日独間の架け橋となることを目指しています

20230922 ハンデルスブラット研(HRI)、来年わずか+0.3%の成長予想

https://www.handelsblatt.com/politik/konjunktur/hri-konjunkturprognose-nullwachstum-wird-die-neue-normalitaet/29403798.html

 

独経済専門日刊紙ハンデルスブラットの経済研究所HRIがドイツ経済見通しをアップデートしましたが、上図橙棒の通り、来年のGDP予測がかなり弱気なものになっています(5大研が+0.9~1.4%であるのに対し、HRIはわずか+0.3%の予測)。

もともとこのHRIは突出して悲観的なことが多いので、5大研と同列に見ることは適切ではありませんが、今般の景気低迷局面では結果的に一番当たっていることになっています(但し今年の成長予想は、前回の▲0.7%から今回は▲0.5%に上方修正)。

HRIのリュリュップス所長はドイツ経済の低迷について、以下のような警鐘を発しています。

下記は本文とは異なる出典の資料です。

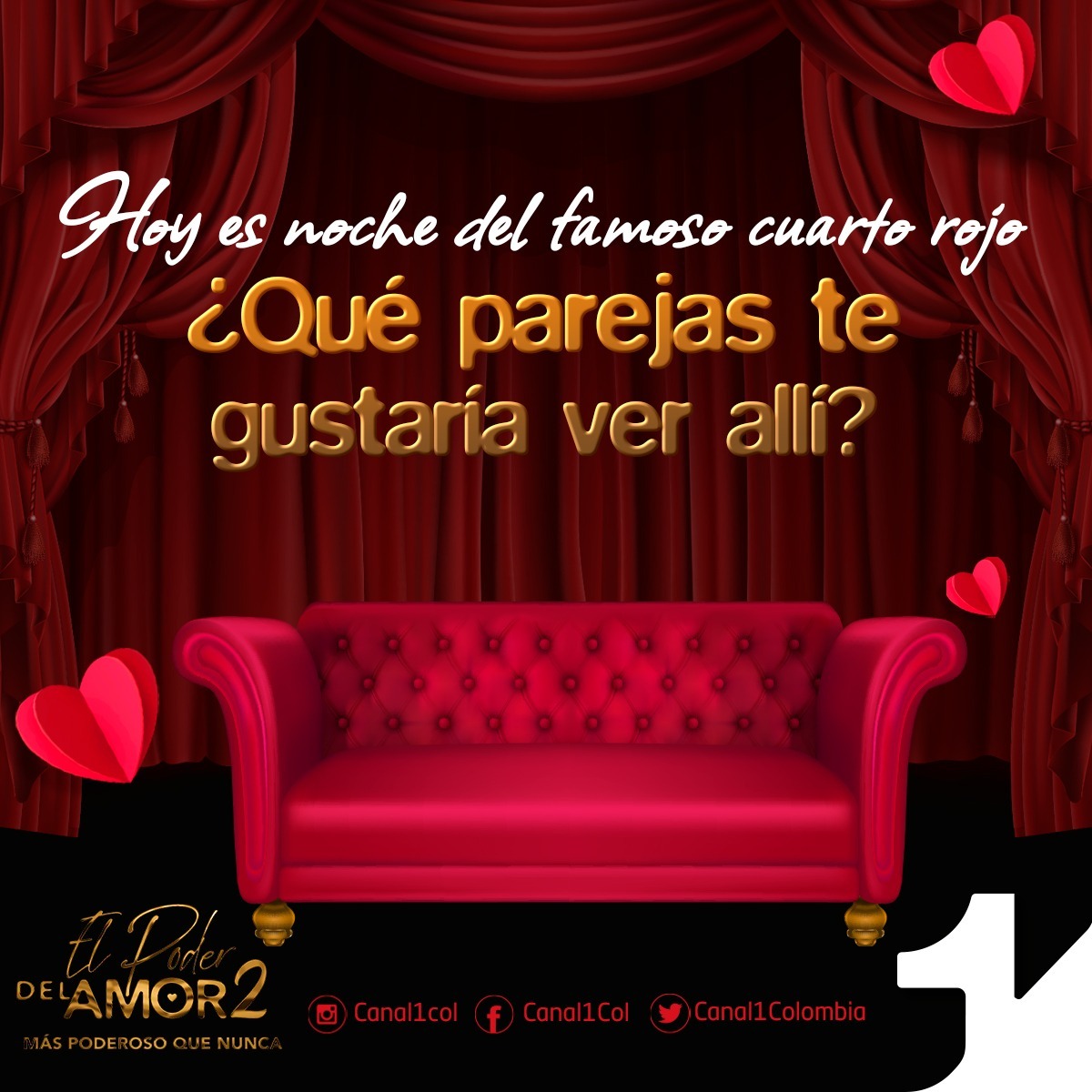 El Poder del Amor Colombia tweet media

  • もともとあった構造的問題(人手不足、高コスト体質など)に加えてパンデミック/ウクライナ戦争という外的ショックで容体が大きく悪化した。
  • 中国は景気対策をするつもりがなく、経済低迷が長期化する。
  • 海外経済全体も弱めでドイツの輸出は今年も来年も減少し続ける。 
  • エネルギー危機は昨年上手く乗り越えたし、今年も恐らく心配ない。
  • しかしコスト高のため、エネルギー集約型企業は生産施設の海外移転を検討している。 
  • ドイツ経済はおそらく戦後史上最も困難な状態にある。
  • 今後のドイツは低成長(四半期ベースで前期比+0.2%程度の潜在成長率~他機関の推計とも整合的)に慣れる必要がある。 

 

四半期経済予測のアップデートがずいぶん出そろいましたが(但しIMFは10月、BUBAは12月)、インフレ予測が今年+6.1%/来年+2.7%とほとんど下方修正されない一方で、GDP成長率予測は今年▲0.4%/来年+1.0%と来年分も含めて下方修正が進んでいます。